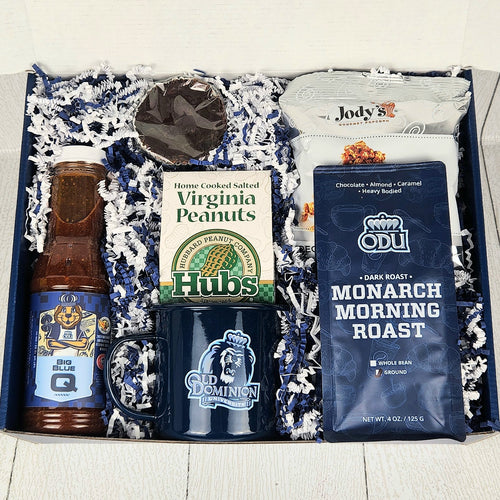 A Taste of ODU gift box with local Virginia treats for Monarch fans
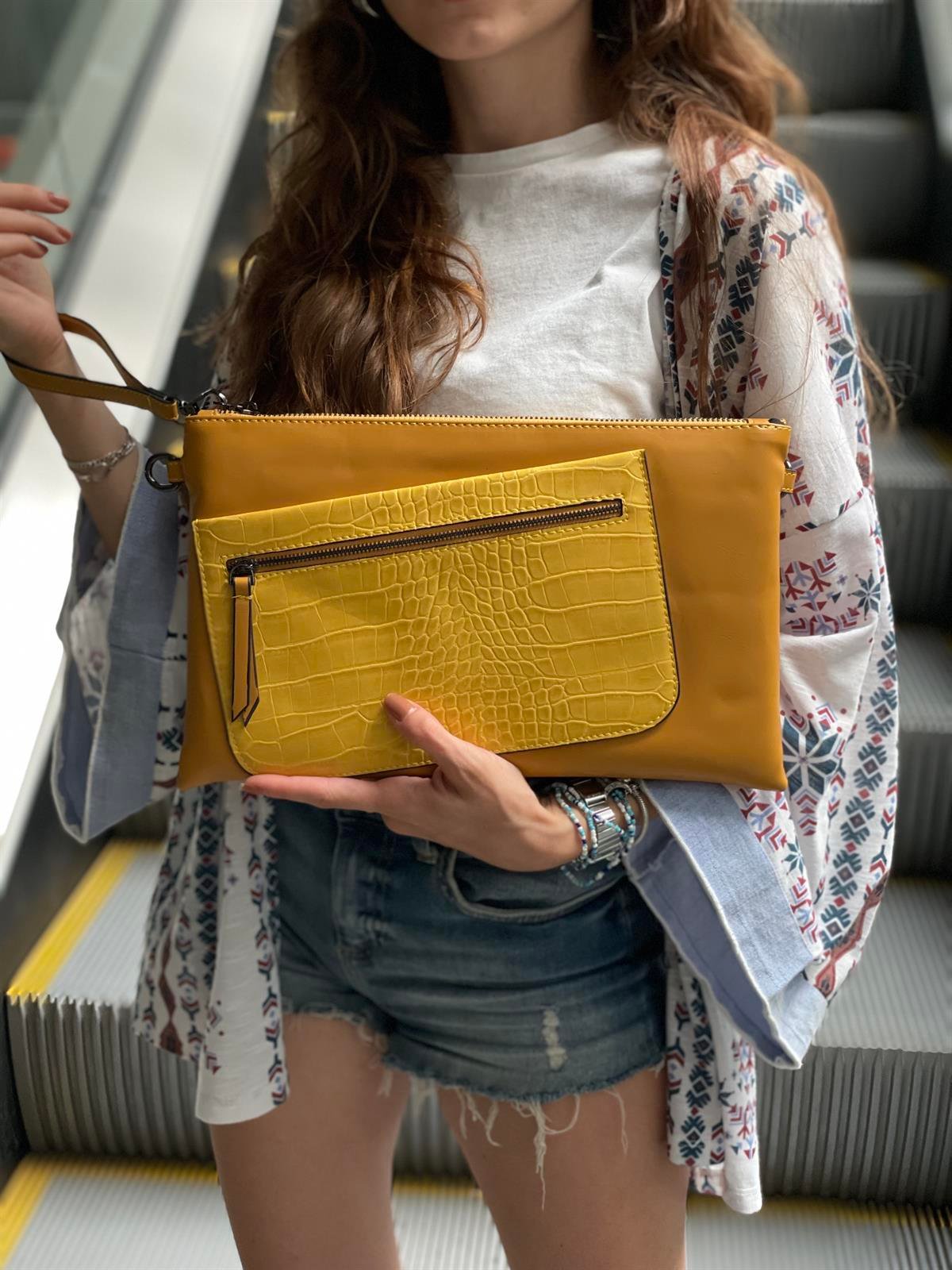 Kroko Detaylı El Portföyü/Clutch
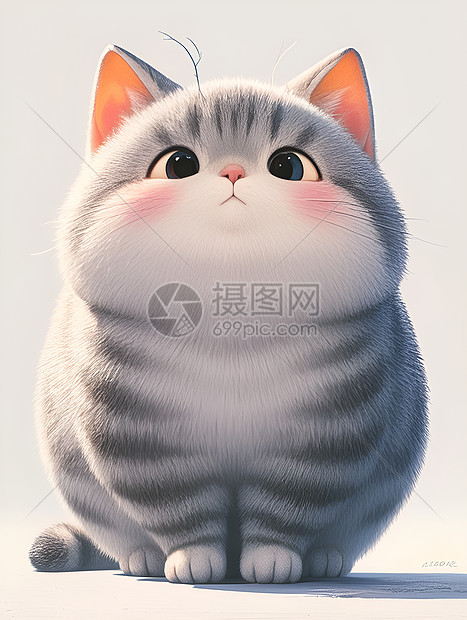 胖胖猫咪憨憨的表情图片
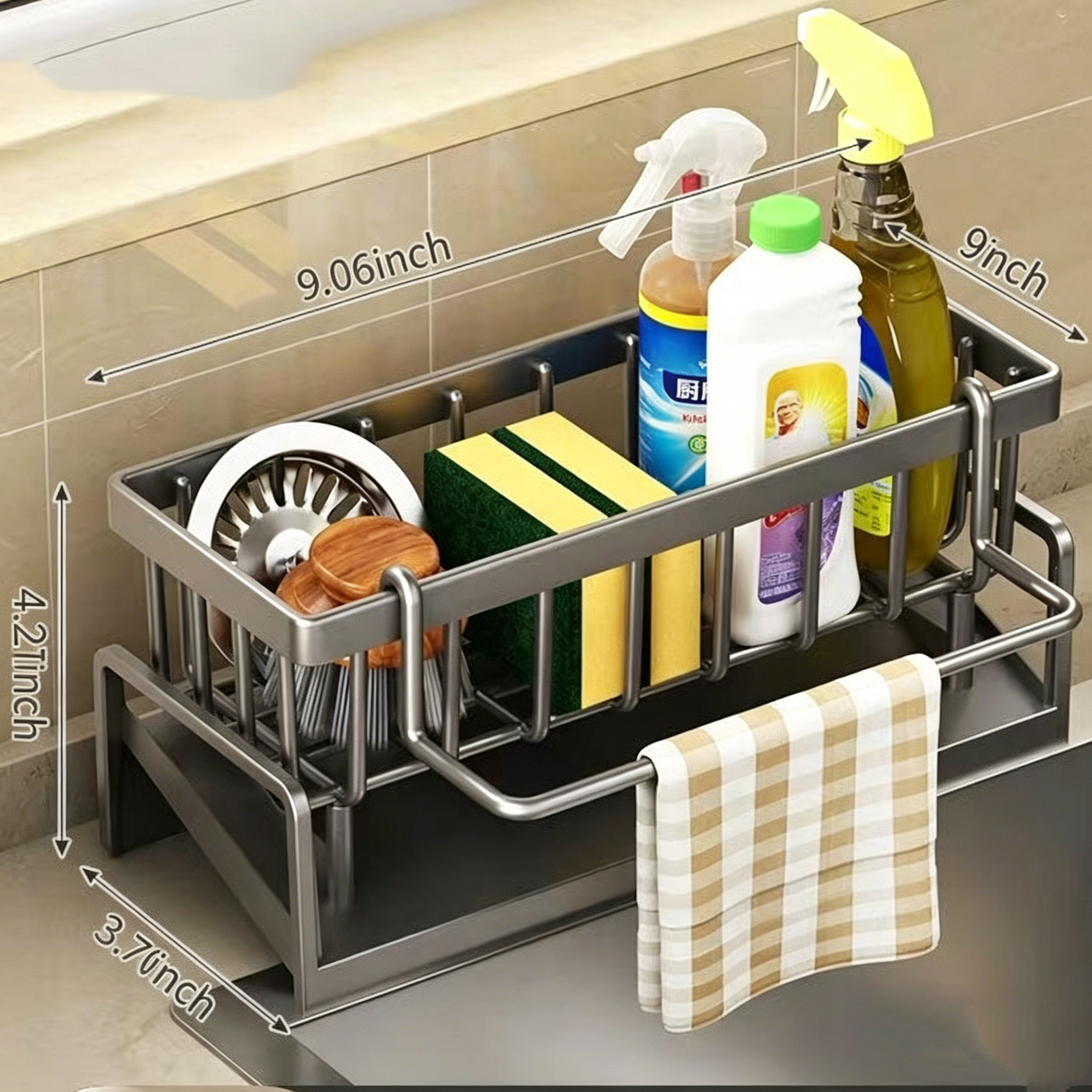 Shopsyln Stainless Steel Kitchen Storage Multi-Functional Under-Sink Draining Countertop Organizer Sponge Holder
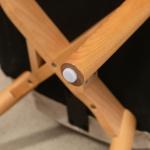 Vingstol med Pall Relaxstol Beige av Tyg med Sladdlook och Trä för Vardagsrummet Stoppad Fåtölj TV Stol Bekväm Design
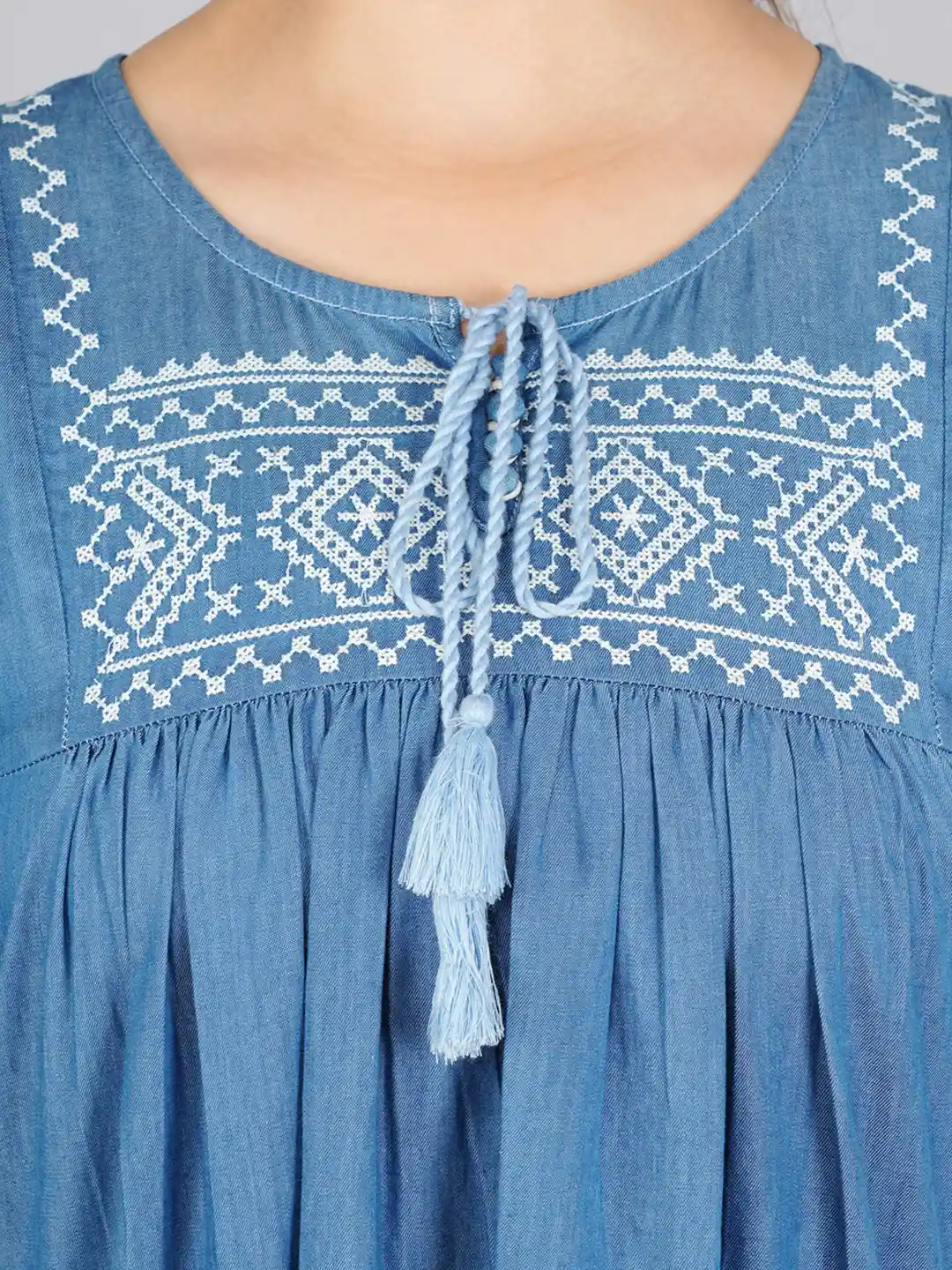 Buy SUMAVI-FASHION Embroidered Tie-Up Neck Denim Top - Tops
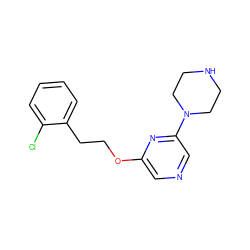 Clc1ccccc1CCOc1cncc(N2CCNCC2)n1 ZINC000045284986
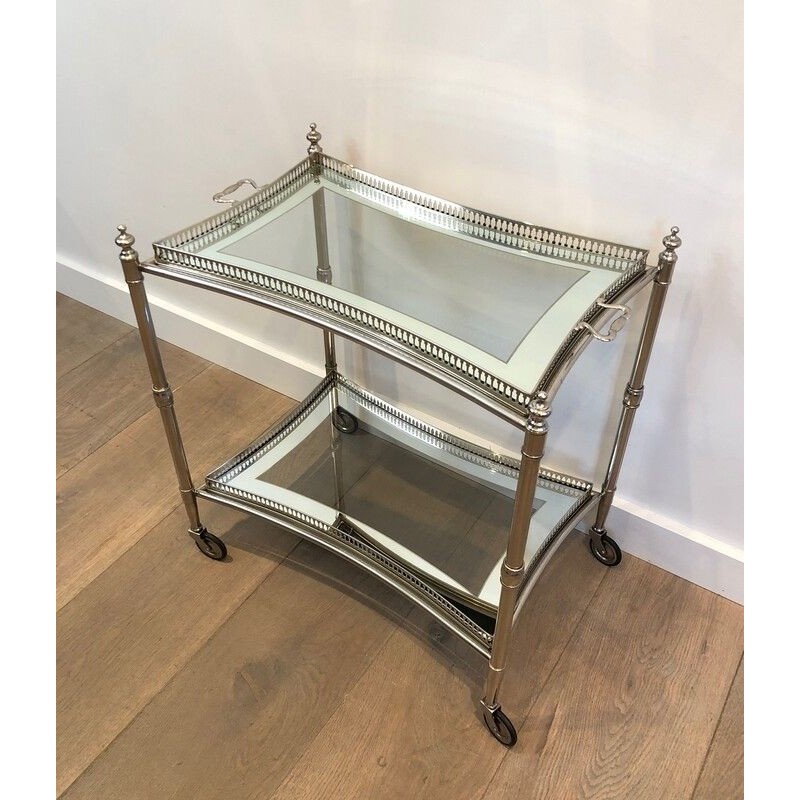 Neoclassical-Style Silver-Plated Drinks Trolley with Removable Trays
^^^^^^^^^^^^^^^^
What is expected -> Because the copy must hold no pictures, return only the lines that run from the line containing "Clc1ccccc1CCOc1cncc(N2CCNCC2)n1 ZINC000045284986" to the end of the data above, each exactly as it stands.

Written response ->
 Clc1ccccc1CCOc1cncc(N2CCNCC2)n1 ZINC000045284986
 Neoclassical-Style Silver-Plated Drinks Trolley with Removable Trays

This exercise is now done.